Is atheism just as dogmatic as religion at its worst? It's somewhat contradictory, to put it mildly, to claim it's dogmatism to encourage people to use their reason to come to the conclusion that God does not exist. No doubt atheism has its share of dogmatic believers, but Gray does not even attempt to show that atheism is not founded on reasons and rationality. And trying to get people to hold the same belief is not so bad if it's done from respect for their rationality and not through force. It's the burden of my argument to show that believing that we should have beliefs about religion.
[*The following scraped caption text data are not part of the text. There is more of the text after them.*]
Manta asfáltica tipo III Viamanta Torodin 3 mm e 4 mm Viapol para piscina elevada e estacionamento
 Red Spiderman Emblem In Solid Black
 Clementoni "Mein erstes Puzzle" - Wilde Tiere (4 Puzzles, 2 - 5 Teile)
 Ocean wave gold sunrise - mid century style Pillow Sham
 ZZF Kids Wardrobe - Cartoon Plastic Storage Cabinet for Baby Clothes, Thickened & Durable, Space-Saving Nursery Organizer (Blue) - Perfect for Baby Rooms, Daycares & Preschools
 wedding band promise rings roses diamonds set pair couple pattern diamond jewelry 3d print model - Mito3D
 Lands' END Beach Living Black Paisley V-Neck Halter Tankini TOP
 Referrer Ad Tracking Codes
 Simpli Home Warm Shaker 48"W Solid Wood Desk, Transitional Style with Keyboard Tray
Yogi Gray does try to support his claims. He does it, first, by claiming that no one really is capable of forming the kind of rational beliefs that atheists desire, so we must and should base our practices on something other than reason. Second, everyone, even the most scientifically-minded, must base practices on myths (or something other than reason and evidence). So, since we all have to have faith in something, there's nothing wrong with faith in religion. Here's the skeptical part.

The idea that science can enable us to live without myths is one of these silly modern stories. There's nothing in science that says the world can be finally understood by the human mind.

If Darwin's theory of evolution is even roughly right, humans aren't built to understand how the universe works. The human brain evolved under the pressures of the struggle for life.

Through science humans can lift themselves beyond the view of things that's forced on them by day-to-day existence. They can't overcome the fact that they remain animals, with minds that aren't equipped to see into the nature of things.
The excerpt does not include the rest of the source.